Proximity Operators of Discrete Information Divergences

TL;DR

This paper introduces new proximity operators for discrete information divergences, enabling more efficient convex optimization involving these measures, with applications demonstrated in database query optimization.

Contribution

The paper derives closed-form proximity operators for two-variable convex divergences, facilitating their use in standard proximal algorithms and broadening their practical applicability.

Findings

Proximity operators enable efficient optimization with divergence measures.

Validated methods improve query selectivity estimation in databases.
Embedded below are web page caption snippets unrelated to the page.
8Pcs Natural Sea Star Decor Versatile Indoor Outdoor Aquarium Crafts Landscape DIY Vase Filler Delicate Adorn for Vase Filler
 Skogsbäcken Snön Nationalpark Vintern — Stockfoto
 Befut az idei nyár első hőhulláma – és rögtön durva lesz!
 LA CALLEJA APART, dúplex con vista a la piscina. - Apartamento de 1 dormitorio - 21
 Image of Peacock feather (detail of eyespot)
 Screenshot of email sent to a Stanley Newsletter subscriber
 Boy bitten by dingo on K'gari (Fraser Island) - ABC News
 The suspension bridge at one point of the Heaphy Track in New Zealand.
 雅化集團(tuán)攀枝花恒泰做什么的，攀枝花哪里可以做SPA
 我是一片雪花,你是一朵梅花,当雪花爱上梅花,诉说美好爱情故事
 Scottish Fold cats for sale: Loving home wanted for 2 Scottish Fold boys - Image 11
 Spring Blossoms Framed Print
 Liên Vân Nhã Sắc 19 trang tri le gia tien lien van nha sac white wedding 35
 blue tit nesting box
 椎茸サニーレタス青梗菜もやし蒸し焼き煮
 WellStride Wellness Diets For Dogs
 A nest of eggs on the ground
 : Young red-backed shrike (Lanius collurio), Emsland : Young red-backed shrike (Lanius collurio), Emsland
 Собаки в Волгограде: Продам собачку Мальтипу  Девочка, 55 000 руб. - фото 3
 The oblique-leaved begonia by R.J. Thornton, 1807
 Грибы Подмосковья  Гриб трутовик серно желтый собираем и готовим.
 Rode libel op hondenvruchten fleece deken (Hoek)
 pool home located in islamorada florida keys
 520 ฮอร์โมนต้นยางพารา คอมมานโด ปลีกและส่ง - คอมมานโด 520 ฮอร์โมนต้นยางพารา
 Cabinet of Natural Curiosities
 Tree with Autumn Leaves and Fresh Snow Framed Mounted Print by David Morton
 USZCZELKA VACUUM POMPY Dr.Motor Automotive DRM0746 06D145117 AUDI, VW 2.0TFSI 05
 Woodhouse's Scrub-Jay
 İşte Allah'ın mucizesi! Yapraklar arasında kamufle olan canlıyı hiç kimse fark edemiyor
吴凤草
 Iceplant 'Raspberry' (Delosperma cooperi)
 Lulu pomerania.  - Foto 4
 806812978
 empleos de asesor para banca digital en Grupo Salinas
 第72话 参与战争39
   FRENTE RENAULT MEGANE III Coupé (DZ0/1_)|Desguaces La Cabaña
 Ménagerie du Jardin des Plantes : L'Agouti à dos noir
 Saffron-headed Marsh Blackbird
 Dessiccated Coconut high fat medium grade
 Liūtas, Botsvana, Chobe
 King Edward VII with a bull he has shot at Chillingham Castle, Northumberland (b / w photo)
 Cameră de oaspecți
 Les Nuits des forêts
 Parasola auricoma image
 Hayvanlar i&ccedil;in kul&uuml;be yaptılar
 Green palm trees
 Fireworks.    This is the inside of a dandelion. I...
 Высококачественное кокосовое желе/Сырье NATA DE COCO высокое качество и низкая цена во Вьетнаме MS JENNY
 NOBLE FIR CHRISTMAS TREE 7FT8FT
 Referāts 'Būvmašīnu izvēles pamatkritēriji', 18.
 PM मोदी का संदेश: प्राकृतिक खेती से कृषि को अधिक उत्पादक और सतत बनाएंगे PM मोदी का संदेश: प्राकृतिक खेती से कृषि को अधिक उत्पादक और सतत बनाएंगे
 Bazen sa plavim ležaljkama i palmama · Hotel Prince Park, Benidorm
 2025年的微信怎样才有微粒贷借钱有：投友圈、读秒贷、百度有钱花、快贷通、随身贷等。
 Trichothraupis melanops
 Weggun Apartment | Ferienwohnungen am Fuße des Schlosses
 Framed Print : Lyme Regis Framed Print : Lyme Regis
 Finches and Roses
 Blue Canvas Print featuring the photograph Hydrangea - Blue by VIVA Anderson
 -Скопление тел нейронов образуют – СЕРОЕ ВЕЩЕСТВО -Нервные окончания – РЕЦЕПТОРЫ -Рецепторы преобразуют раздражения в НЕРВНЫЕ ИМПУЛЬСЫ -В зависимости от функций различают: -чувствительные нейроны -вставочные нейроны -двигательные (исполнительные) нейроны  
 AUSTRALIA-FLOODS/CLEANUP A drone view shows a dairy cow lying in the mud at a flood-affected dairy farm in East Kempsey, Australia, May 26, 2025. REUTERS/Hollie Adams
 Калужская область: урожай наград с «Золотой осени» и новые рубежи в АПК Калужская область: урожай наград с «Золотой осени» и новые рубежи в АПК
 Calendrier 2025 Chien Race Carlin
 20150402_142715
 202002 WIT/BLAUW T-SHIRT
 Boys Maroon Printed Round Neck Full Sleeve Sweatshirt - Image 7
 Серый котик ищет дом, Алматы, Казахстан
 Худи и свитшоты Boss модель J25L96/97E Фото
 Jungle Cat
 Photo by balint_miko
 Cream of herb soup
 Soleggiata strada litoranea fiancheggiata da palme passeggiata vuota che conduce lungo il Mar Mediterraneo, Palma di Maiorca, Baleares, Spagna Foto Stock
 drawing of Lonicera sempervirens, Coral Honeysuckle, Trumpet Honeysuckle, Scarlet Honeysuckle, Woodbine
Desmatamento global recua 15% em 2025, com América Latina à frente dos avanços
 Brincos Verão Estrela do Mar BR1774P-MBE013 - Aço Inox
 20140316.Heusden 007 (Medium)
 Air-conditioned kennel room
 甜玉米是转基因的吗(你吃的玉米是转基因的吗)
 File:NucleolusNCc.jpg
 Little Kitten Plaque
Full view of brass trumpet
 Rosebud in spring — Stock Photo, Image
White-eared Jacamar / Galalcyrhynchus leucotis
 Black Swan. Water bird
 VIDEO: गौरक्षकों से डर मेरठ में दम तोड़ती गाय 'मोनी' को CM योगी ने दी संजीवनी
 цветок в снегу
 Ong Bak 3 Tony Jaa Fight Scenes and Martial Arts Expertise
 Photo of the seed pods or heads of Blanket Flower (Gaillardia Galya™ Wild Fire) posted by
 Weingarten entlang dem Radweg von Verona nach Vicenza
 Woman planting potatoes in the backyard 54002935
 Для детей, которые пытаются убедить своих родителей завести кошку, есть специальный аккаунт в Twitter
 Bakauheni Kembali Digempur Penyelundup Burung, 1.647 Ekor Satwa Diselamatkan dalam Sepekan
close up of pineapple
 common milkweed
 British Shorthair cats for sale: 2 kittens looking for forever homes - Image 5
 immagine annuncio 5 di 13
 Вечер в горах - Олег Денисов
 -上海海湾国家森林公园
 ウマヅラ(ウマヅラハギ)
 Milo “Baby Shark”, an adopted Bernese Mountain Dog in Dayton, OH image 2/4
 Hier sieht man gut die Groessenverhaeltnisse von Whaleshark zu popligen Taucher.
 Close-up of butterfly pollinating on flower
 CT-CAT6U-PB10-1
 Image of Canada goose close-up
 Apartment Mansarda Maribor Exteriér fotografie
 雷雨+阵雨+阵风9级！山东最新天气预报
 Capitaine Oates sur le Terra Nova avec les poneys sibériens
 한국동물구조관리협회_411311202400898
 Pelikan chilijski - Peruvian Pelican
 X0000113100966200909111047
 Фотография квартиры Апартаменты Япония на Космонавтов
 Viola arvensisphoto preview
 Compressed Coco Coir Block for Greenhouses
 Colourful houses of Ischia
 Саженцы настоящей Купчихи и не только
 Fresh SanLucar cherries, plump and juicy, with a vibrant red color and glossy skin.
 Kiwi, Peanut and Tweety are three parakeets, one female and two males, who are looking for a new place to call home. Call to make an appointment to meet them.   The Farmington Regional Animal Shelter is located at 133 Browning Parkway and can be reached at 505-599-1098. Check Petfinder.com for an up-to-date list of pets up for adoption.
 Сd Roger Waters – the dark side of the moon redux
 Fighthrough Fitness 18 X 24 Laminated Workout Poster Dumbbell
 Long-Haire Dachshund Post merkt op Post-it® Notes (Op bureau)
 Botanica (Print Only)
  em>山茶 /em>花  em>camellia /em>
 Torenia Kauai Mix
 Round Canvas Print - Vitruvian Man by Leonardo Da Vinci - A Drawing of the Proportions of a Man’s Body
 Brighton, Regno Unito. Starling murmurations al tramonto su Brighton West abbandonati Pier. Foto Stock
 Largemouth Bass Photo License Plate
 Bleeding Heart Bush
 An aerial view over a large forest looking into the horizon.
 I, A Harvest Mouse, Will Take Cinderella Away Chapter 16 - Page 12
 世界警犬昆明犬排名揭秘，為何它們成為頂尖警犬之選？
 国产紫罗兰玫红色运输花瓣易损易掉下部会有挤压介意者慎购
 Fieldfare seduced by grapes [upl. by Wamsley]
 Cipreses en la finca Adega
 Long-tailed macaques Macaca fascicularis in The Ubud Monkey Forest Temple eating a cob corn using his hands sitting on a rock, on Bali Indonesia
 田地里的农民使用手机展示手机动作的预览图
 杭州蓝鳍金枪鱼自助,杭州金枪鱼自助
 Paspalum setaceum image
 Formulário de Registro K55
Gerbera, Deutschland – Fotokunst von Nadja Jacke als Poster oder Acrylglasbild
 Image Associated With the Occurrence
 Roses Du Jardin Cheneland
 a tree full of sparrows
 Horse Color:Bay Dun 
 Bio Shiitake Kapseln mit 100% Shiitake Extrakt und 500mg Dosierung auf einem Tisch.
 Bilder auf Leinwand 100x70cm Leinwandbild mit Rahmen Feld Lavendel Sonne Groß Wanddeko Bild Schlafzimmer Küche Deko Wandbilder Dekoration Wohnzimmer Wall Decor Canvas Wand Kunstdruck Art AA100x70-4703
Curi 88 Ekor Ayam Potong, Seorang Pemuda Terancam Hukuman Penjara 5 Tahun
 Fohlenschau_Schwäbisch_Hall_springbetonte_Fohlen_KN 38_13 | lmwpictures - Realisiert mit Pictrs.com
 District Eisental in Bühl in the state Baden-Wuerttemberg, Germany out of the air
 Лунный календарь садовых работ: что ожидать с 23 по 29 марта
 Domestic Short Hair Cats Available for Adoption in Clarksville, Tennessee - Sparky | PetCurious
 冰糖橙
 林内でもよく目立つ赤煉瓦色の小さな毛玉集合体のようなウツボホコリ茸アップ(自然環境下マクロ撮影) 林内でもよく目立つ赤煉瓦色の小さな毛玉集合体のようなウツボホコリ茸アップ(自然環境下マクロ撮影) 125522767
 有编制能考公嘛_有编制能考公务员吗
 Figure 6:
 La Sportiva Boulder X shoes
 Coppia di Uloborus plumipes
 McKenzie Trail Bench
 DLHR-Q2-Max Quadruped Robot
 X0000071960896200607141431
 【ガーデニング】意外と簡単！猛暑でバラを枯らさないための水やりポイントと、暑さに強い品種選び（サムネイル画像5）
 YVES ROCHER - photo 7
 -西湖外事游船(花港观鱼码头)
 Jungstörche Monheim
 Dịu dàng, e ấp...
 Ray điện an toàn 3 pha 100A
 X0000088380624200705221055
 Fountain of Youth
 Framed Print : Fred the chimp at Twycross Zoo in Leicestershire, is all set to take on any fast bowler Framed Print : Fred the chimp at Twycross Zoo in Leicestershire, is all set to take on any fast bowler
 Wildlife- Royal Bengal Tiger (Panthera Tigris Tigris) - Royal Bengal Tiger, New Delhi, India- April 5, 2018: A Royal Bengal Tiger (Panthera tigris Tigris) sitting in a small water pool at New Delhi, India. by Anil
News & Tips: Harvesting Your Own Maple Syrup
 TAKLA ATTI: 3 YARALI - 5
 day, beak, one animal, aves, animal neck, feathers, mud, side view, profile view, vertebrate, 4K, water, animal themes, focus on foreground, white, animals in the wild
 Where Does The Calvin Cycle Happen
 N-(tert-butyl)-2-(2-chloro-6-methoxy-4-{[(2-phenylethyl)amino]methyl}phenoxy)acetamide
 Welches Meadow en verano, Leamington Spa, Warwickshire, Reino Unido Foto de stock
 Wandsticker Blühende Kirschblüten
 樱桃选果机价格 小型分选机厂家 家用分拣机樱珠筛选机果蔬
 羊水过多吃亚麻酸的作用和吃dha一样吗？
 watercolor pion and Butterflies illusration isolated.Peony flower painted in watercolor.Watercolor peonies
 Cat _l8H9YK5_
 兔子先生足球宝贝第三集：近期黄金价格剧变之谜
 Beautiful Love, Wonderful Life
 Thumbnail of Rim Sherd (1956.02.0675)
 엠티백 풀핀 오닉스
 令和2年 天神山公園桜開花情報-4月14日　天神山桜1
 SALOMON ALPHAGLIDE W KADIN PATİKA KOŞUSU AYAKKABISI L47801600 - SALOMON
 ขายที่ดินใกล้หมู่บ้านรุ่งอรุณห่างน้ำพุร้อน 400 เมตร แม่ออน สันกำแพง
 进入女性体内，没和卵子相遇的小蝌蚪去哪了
Experiments show scalability from small to large datasets.

Abstract

Information divergences allow one to assess how close two distributions are from each other. Among the large panel of available measures, a special attention has been paid to convex $\varphi$-divergences, such as Kullback-Leibler, Jeffreys-Kullback, Hellinger, Chi-Square, Renyi, and I$_{\alpha}$ divergences. While $\varphi$-divergences have been extensively studied in convex analysis, their use in optimization problems often remains challenging. In this regard, one of the main shortcomings of existing methods is that the minimization of $\varphi$-divergences is usually performed with respect to one of their arguments, possibly within alternating optimization techniques. In this paper, we overcome this limitation by deriving new closed-form expressions for the proximity operator of such two-variable functions. This makes it possible to employ standard proximal methods for efficiently solving a wide range of convex optimization problems involving $\varphi$-divergences. In addition, we show that these proximity operators are useful to compute the epigraphical projection of several functions of practical interest. The proposed proximal tools are numerically validated in the context of optimal query execution within database management systems, where the problem of selectivity estimation plays a central role. Experiments are carried out on small to large scale scenarios.